● **Material provided**
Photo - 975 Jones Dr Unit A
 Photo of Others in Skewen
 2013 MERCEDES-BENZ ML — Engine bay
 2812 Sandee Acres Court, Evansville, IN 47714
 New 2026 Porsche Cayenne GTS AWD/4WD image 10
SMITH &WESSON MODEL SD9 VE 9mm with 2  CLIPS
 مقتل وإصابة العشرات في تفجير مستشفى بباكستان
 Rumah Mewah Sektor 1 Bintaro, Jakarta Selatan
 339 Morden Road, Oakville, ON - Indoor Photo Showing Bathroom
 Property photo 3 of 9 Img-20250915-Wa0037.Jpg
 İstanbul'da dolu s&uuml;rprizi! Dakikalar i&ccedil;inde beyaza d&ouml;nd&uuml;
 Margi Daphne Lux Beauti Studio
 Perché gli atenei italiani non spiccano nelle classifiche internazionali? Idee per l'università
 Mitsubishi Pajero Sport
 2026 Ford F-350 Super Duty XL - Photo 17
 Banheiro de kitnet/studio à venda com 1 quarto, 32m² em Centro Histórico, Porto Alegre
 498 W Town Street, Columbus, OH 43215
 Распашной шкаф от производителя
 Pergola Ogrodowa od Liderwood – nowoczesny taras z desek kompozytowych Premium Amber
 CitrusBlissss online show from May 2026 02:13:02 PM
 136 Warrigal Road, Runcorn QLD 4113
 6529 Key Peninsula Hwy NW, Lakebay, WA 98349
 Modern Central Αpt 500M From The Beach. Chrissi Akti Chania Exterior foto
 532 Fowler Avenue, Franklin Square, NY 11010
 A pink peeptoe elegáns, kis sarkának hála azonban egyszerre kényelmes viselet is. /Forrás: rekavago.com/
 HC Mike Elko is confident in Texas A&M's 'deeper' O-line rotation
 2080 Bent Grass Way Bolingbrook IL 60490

● **Work required**
Word for word, please print every line from the beginning of the records to the line bearing "SMITH &WESSON MODEL", counting both ends and stopping there.

● **Answer to this task**
Photo - 975 Jones Dr Unit A
 Photo of Others in Skewen
 2013 MERCEDES-BENZ ML — Engine bay
 2812 Sandee Acres Court, Evansville, IN 47714
 New 2026 Porsche Cayenne GTS AWD/4WD image 10
SMITH &WESSON MODEL SD9 VE 9mm with 2  CLIPS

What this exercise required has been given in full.